2.3.2. Separation of racemic 1,4-dihydropyridines by using chiral auxiliary. This synthetic strategy utilizes chiral auxiliary for the synthesis of optically active 1,4-dihydropyridines by forming diastereomeric esters which can be separated and eventually the chiral auxiliary can be regioselectively removed. Synthesis of 5-cyano-1,4-dihydropyridines from isoxazolo[5,4-b]pyridines have been achieved by Taylor, et al.75 The monoester derivative 174 was reacted with nitrile oxide to produce isoxazolo[5,4-b]pyridine 175 in 74% yield (Scheme 64). Its saponification formed an acid which was then re-esterified with (−)-menthol. The resulting diastereomeric esters 176 were separated through flash chromatography, which on hydrolysis and decarboxylation yielded the desired 5-cyano-1,4-dihydropyridine-3-carboxylic acid 177.
image file: c6ra24823c-s64.tif
Scheme 64 Separation of 174 using nitrile oxide as a chiral auxiliary.

Arrowsmith, et al.76 esterified (±)-178 using optically pure (S)-(+)-2-phenylethanol to give diastereomeric mixture 179. It was chromatographically separated on silica gel to form pure diastereomers and further treatment with sodium ethoxide and finally reduction of azide group by palladium on calcium carbonate yielded pure enantiomers (R)-(−)-amlodipine and (S)-(+)-amlodipine 170 (Scheme 65).


image file: c6ra24823c-s65.tif
Scheme 65 Resolution of 170 from 178 using optically pure (S)-(+)-2-phenylethanol.

Lamm, et al.77 disclosed the formation of pure enantiomers of felodipine 185, a calcium channel antagonist by chromatographic separation of diastereomeric esters 183 prepared from (R)-1-(p-toluenesulfonyl)-3-tritylpropan-2-ol 181 (Scheme 66). This chiral auxiliary was removed easily by β-elimination reaction using potassium hydroxide in methanol at room temperature. Esterification of 184 with iodomethane successfully yielded (R)- and (S)-enantiomers of felodipine 185.


image file: c6ra24823c-s66.tif
Scheme 66 Formation of enantiopure 185 using chiral auxiliary.

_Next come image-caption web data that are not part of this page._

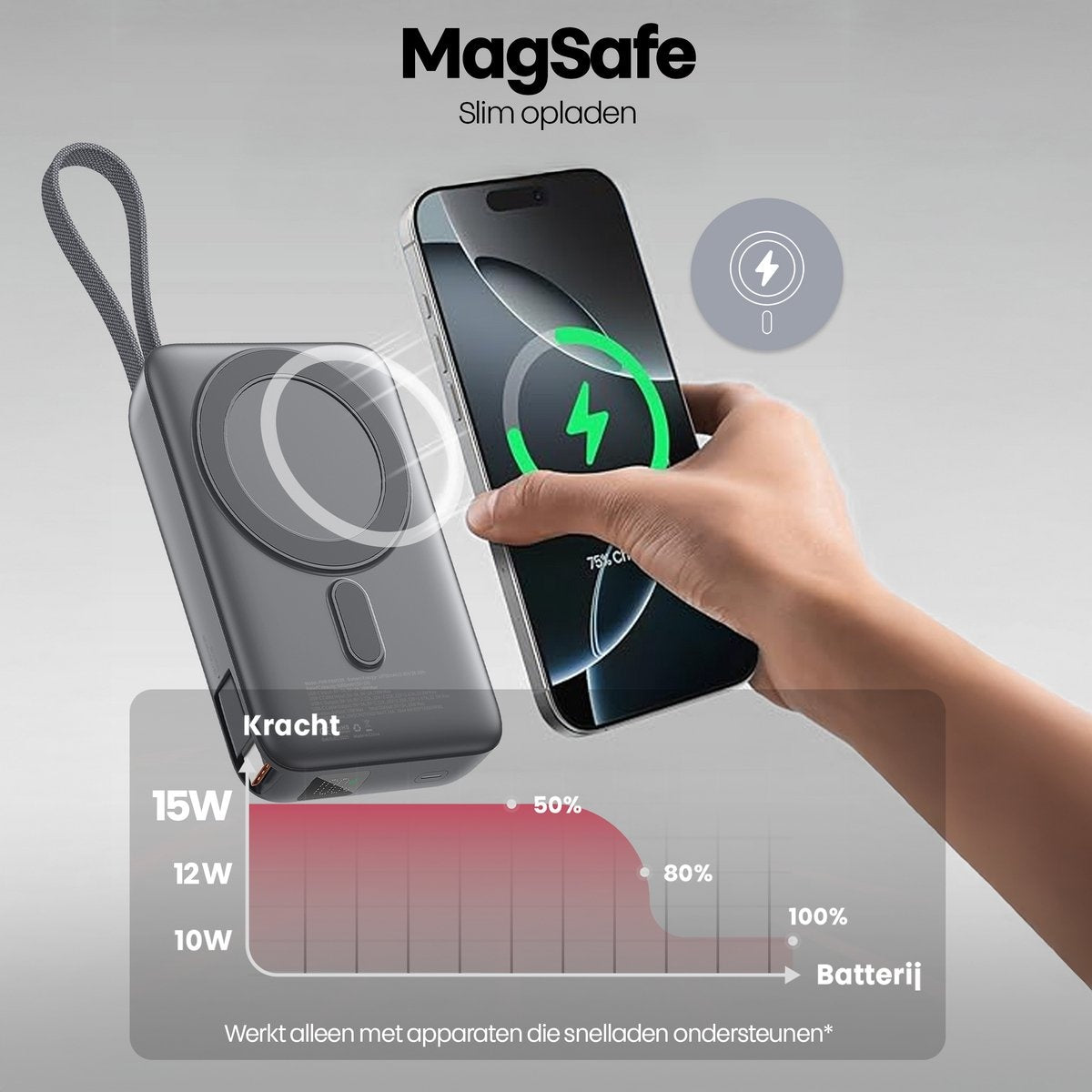 Een hand houdt een telefoon vast met een oplaadicoon. Een grijze MagSafe-oplader ligt ernaast. Er wordt een batterijniveaugrafiek getoond.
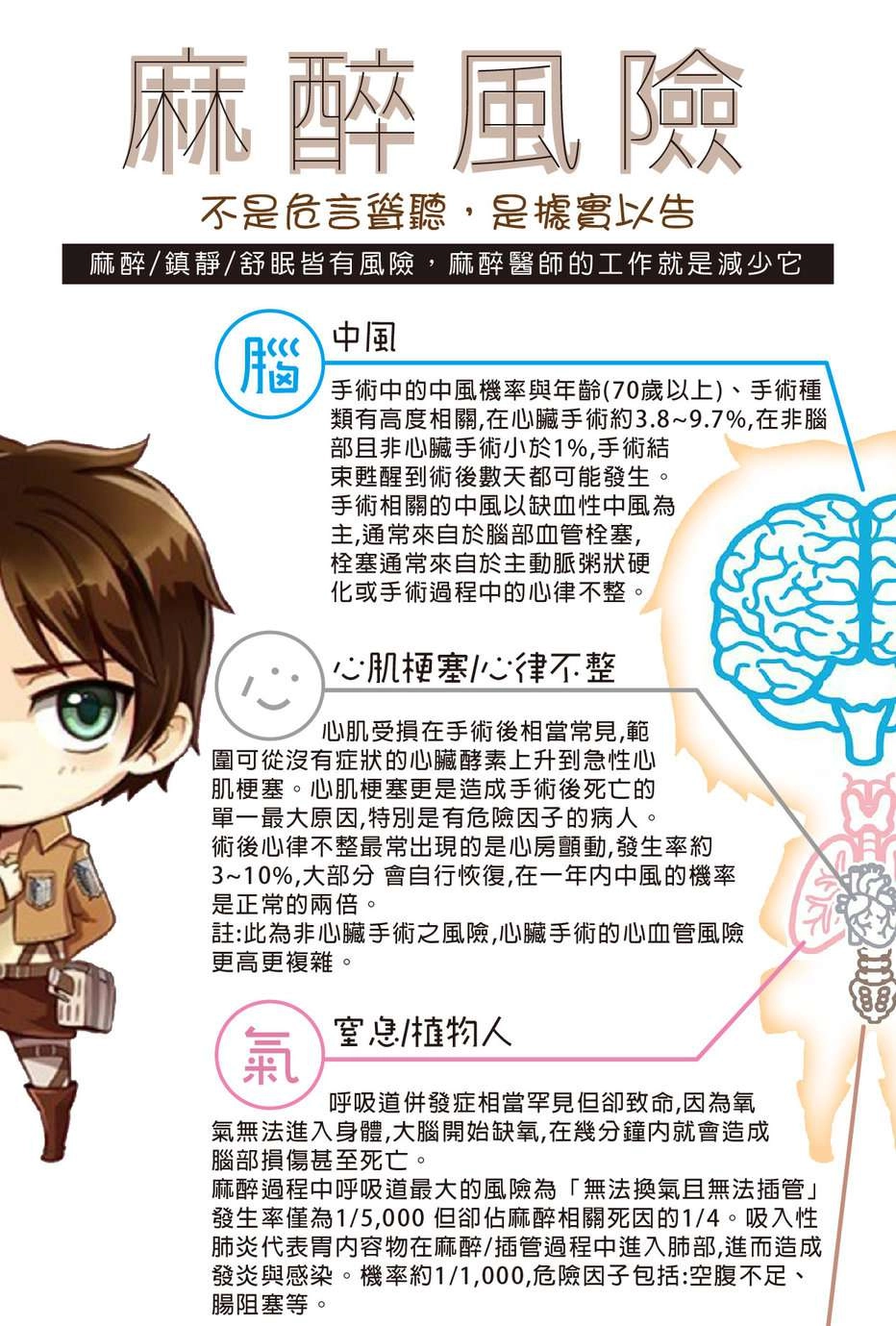 醫美手術麻醉風險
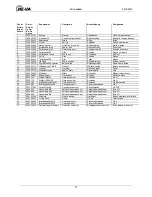 Preview for 77 page of HE-VA Terra-Seeder 4.0 Operating Instructions Manual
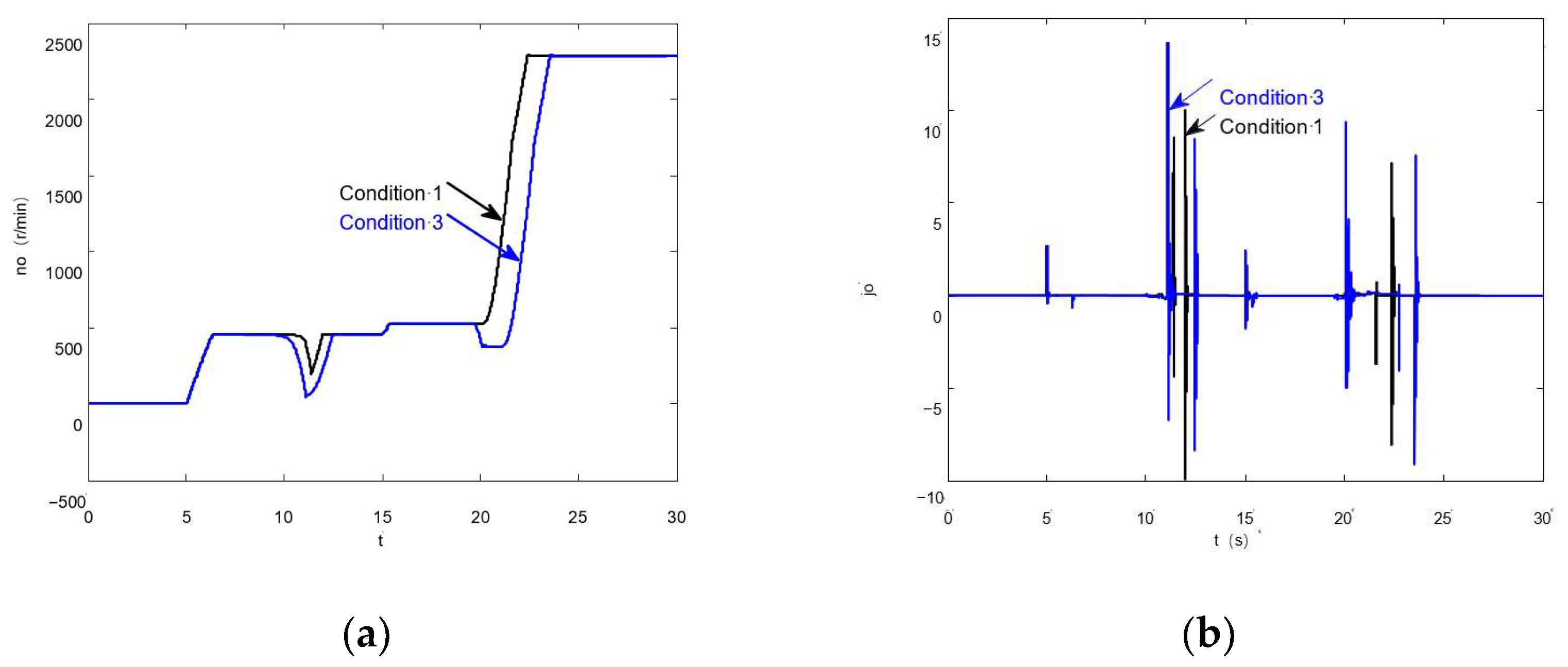 Energies 16 06989 g005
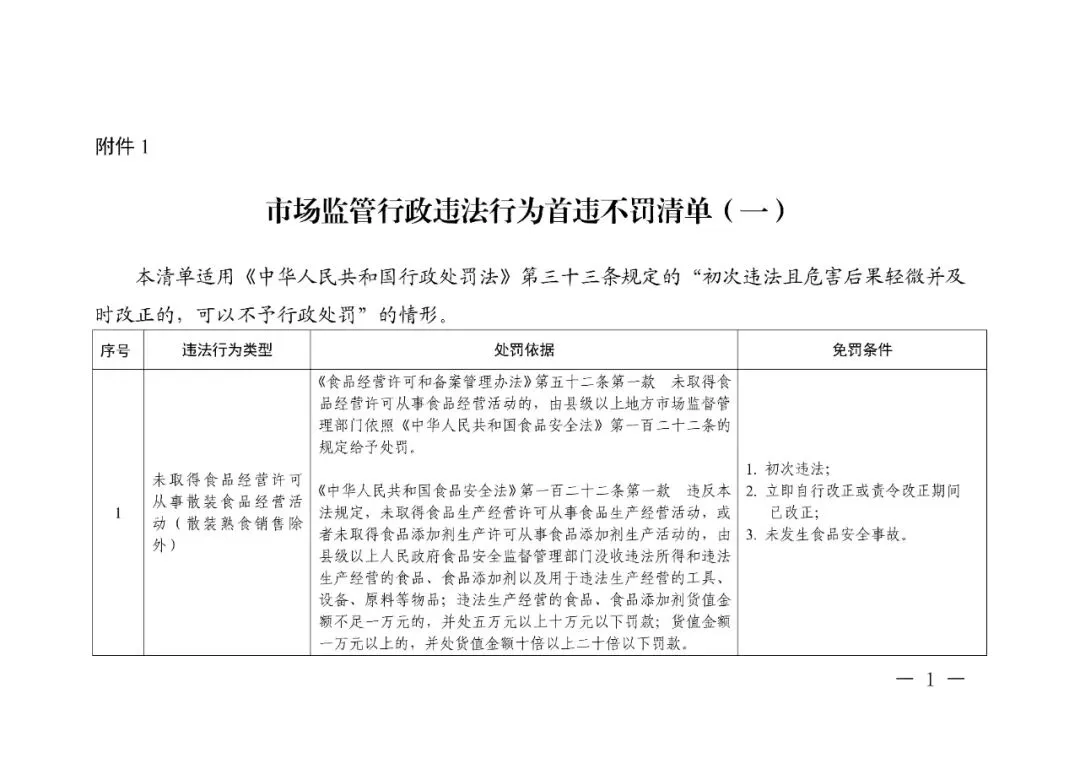 轻微免罚、重违严惩、过罚相当!市场监管总局发文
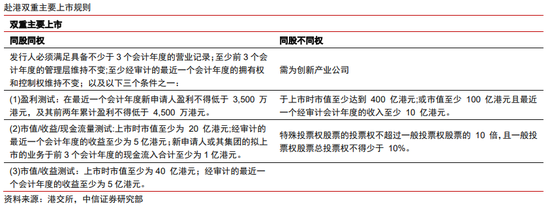中信证券港股策略：退市风浪再袭，中概股终显其坚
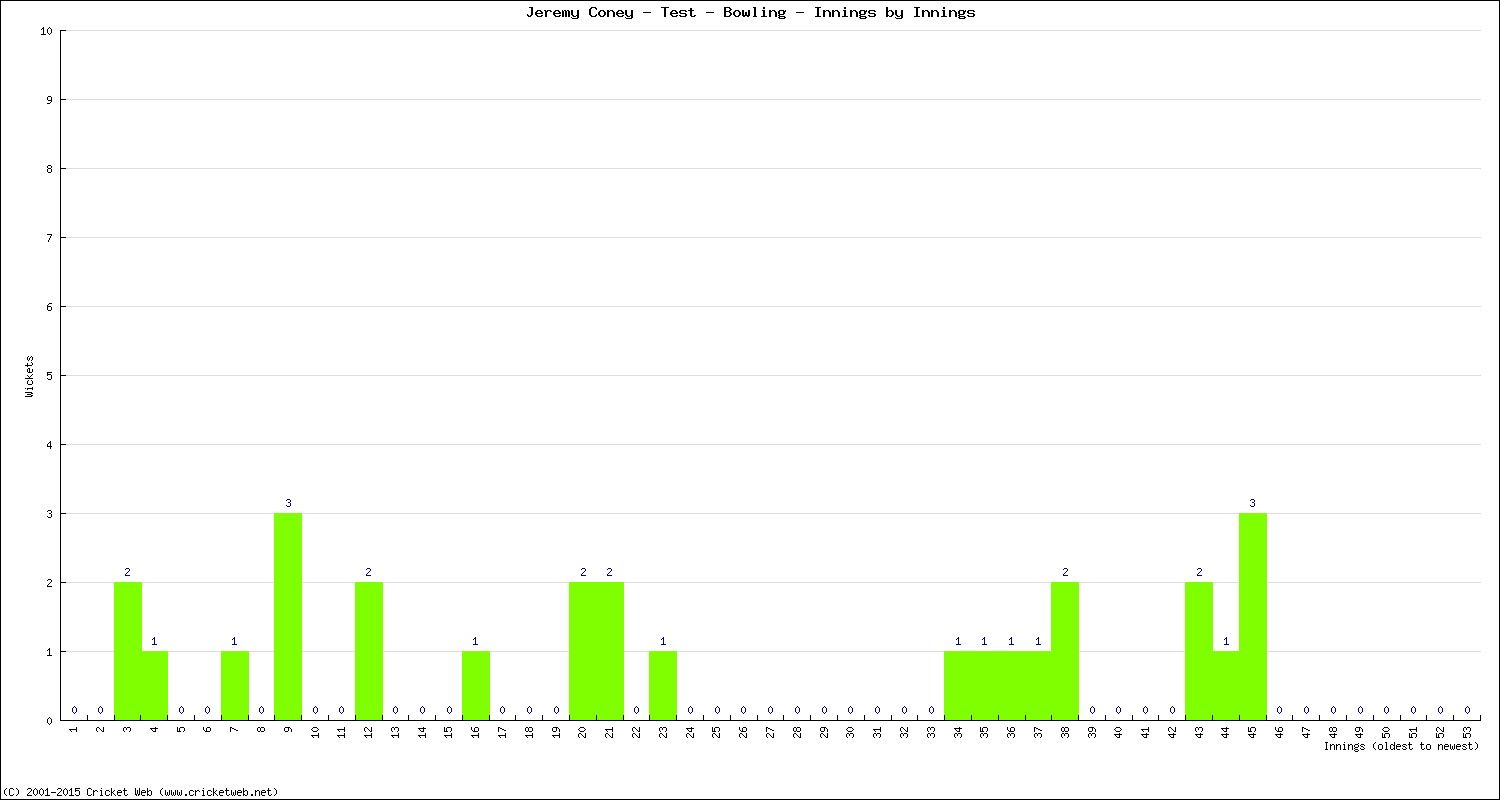 Bowling Performance Innings by Innings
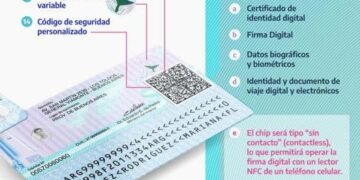 Nuevo diseño del DNI: ¿Cómo será y cuándo entra en vigencia?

Racemic isopropyl 1,4-dihydro-2,6-dimethyl-3-nitro-4-pyridinylpyridine-5-carboxylate isomers with in vitro calcium channel modulating activities have been described by Vo, et al.78 Out of them the most promising 4-(2-pyridinyl) compound was resolved into pure enantiomers with the help of L-threonine 186 (Scheme 67). Through a multistep synthesis L-threonine was converted to β-aminocrotonate derivative 187, which through Hantzsch condensation afforded the mixture of 1,4-DHP diastereomers 188 separable by silica gel column chromatography. This was followed by removal of chiral auxiliary using DBU to yield 189 and desired enantiopure (−)-190 and (+)-190 were synthesized using isopropyl bromide and potassium carbonate in DMF.


image file: c6ra24823c-s67.tif
Scheme 67 Resolution of racemic isopropyl 1,4-dihydro-2,6-dimethyl-3-nitro-4-pyridinylpyridine-5-carboxylate using L-threonine.

Similarly synthesis of (S)-(−)- and (R)-(+)-enantiomers of 2-nitrooxyethyl 1,4-dihydro-2,6-dimethyl-3-nitro-4-(2-trifluoromethylphenyl)pyridine-5-carboxylate79 192 exhibiting dual cardioselective agonist/smooth muscle selective antagonist activity80 were synthesized utilizing D-threonine 191 as chiral auxiliary (Fig. 2). In both the cases the chiral esterifying group was easily removed by non-nucleophilic base 1,8-diazabicyclo[5.4.0]-undec-7-ene (DBU).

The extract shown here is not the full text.